Global oil demand is projected to fall by 1 million barrels a day this year — the first annual decline since 2020 — but the pace of the drop is easing as supply disruptions from the Strait of Hormuz begin to unwind, the International Energy Agency said Friday.
"The pace of decline is moderating as supply from the Middle East gradually recovers, but renewed hostilities this week underscore how fragile the outlook remains," said Toril Bosoni, head of the IEA's oil market division. "A lasting ceasefire is a prerequisite for normalization."
The IEA's July report estimates world oil demand will contract by roughly 1 million b/d year-on-year in 2026, a decline "highly skewed" toward the Persian Gulf region after the closure of the Strait of Hormuz — through which about 20% of global liquefied natural gas and a significant share of crude flows — disrupted exports from March through June. Brent crude surged above $126 a barrel in late April and U.S. crude approached $120 in early March following the initial U.S.-Israeli strikes on Iran on Feb. 28. Prices have since retreated to around $78 a barrel, though renewed exchanges of fire in the Gulf this week slowed tanker traffic to a trickle once again.
The IEA's baseline forecast assumes a ceasefire holds and Hormuz gradually reopens, allowing producers to restart fields and refiners to resume product shipments. But the agency warned that "renewed exchanges of fire in the Gulf this week highlight the risks of not reaching a lasting peace agreement." The demand recovery, while underway, remains conditional on geopolitical stability — a condition that has proven elusive.
The SPR Wild Card
Governments are set to buy millions of barrels of oil through 2028 to rebuild emergency reserves depleted by the crisis, creating a new source of demand that could absorb some of the expected supply surplus. The IEA coordinated a record 400-million-barrel release after the Hormuz disruption drove prices sharply higher.
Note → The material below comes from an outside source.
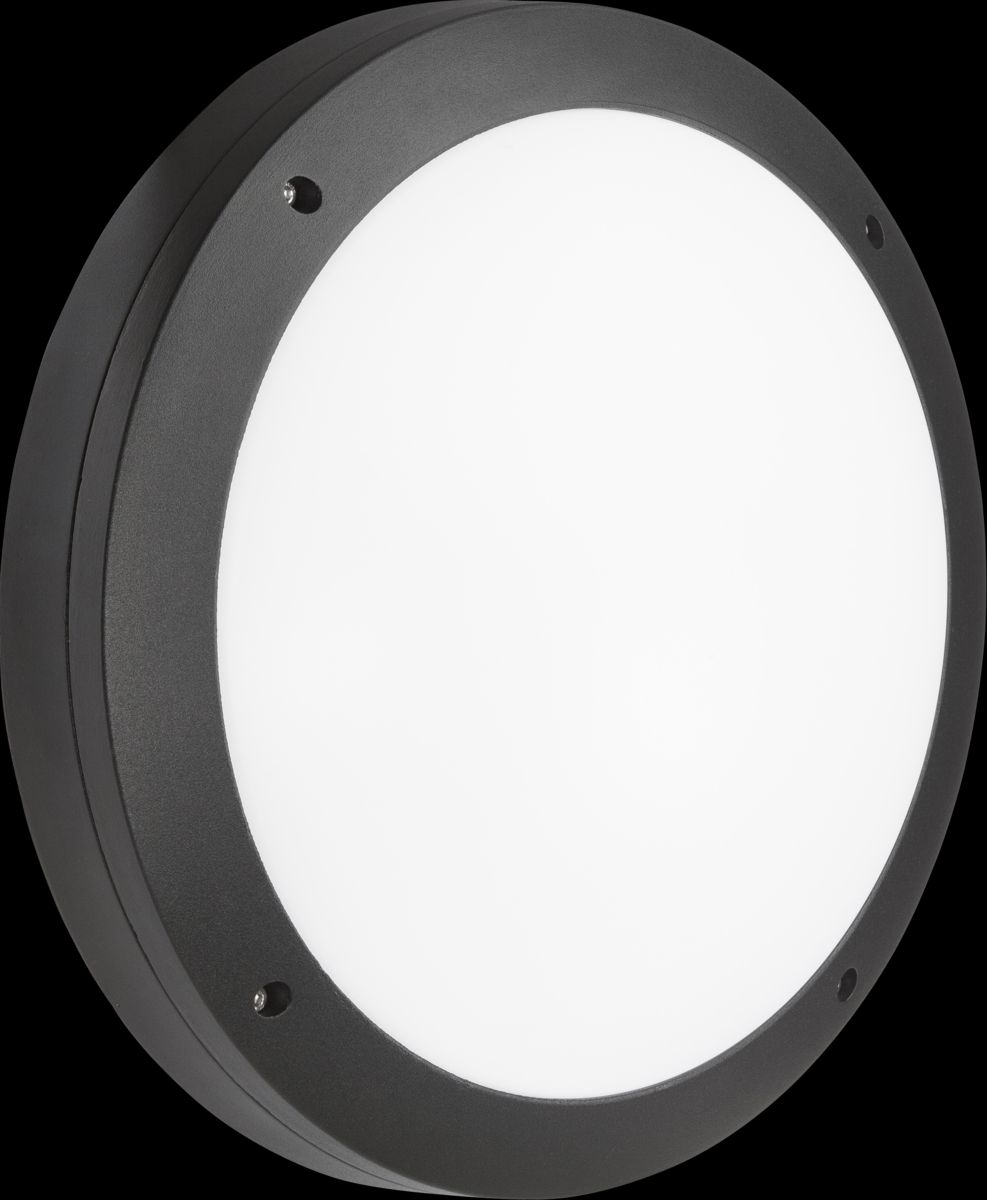 Netlighting LED Round Bulkhead CCT Emergency & Microwave Sensor BlackV IP65 18W in Black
Replenishing those reserves could add as much as 664,000 barrels per day of crude demand by the third quarter of 2027, according to commodities analytics firm Kpler, helping to offset some of the excess supply expected as OPEC+ continues to unwind production cuts. U.S. strategic reserves fell to 319.5 million barrels in the week to July 3, the lowest since April 1983, Department of Energy data showed.
The United States is expected to begin receiving oil back later this year under exchange agreements that require companies to return borrowed barrels plus a premium. U.S. Energy Secretary Chris Wright told Reuters the government expects to receive an average of 1.28 barrels for every barrel released, which would help lift inventories above 400 million barrels. Washington is exploring ways to raise stocks beyond 500 million barrels, Wright said.
Other IEA members are moving more cautiously. Analysts expect Japan and South Korea to rebuild reserves more gradually, with replenishment efforts likely to depend on oil prices and government spending decisions. China, meanwhile, is building 11 new strategic oil storage sites, while India plans to more than double its strategic petroleum reserve capacity through expansion projects at Padur and Chandikhol.
What's at Stake
The dual forces of demand recovery and SPR restocking are creating a floor under crude prices even as OPEC+ adds supply. Energy Aspects estimates that SPR replenishment alone will "lead to a higher price floor in 2027." But the outlook hinges entirely on the trajectory of the U.S.-Iran conflict. If a ceasefire holds and Hormuz flows normalize, the IEA sees the market swinging back to surplus by year-end. If hostilities escalate further, the supply shock could deepen, pushing prices higher and delaying the demand recovery the agency is now beginning to document.
This article is for informational purposes only and does not constitute investment advice.